EUCHARISTIC CONCELEBRATION

HOMILY OF HIS HOLINESS BENEDICT XVI

Piazza Ducale, Vigevano
Saturday, 21 April 2007

 

"Cast the net... and you will find some" (Jn 21: 6).

We have heard Jesus' words once again in the Gospel passage just proclaimed. They are part of the account of the third appearance of the Risen One to the disciples, on the shores of the Sea of Tiberias, which tells of the miraculous catch.

After the "scandal" of the Cross, the disciples had returned to their land and their work as fishermen, to the activities they had carried out before they met Jesus. They had returned to their previous life and this suggests the atmosphere of dispersion and bewilderment that prevailed in their communities (cf. Mk 14: 27; Mt 26: 31).

It was difficult for the disciples to understand what had happened. But while everything seemed to have ended, once again, as on the road to Emmaus, it was Jesus who came to his friends. This time he met them by the lake, a place that evokes the trials and tribulations of life; he met them when day was breaking, after a futile night-long effort.

Their nets were empty. In a certain way, this seems to sum up their experience with Jesus: they had known him, they had been beside him, and he had promised them so many things. Nevertheless, they found themselves with empty nets and no fish.

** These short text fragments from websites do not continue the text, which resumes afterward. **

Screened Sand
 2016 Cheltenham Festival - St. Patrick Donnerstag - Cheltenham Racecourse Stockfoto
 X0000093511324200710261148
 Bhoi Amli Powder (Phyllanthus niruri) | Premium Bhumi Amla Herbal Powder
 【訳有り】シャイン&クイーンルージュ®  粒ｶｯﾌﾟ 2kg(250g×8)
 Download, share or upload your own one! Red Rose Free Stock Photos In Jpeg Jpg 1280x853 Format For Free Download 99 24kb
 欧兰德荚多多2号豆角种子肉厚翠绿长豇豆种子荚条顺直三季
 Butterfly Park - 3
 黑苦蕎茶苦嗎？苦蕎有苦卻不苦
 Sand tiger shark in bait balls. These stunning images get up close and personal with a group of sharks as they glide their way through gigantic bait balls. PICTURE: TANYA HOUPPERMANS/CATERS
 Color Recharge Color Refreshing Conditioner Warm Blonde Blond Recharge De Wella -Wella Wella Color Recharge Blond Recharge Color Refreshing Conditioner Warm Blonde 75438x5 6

Yet, here at dawn Jesus comes to meet them, even though they do not immediately recognize him (cf. v. 4).

"Daybreak" in the Bible often points to God's extraordinary interventions. In the Book of Exodus, for example, it was "in the morning watch" that the Lord intervened "in the pillar of fire and of cloud" to save his people in the flight to Egypt (cf. Ex 14: 24). And again it was dawn when Mary Magdalene and the other women who had hastened to the tomb met the Risen Lord.

In the Gospel passage on which we are meditating, night had also passed and the Lord said to the disciples, exhausted by their efforts and disappointed at having caught no fish: "Cast the net on the right side of the boat, and you will find some" (v. 6).

Fish usually fall into the net at night when it is dark and not in the morning, by which time the water is transparent. Yet the disciples trusted Jesus and the result was a miraculously abundant catch with such a quantity of fish that they were unable to haul in the net (cf. v. 6).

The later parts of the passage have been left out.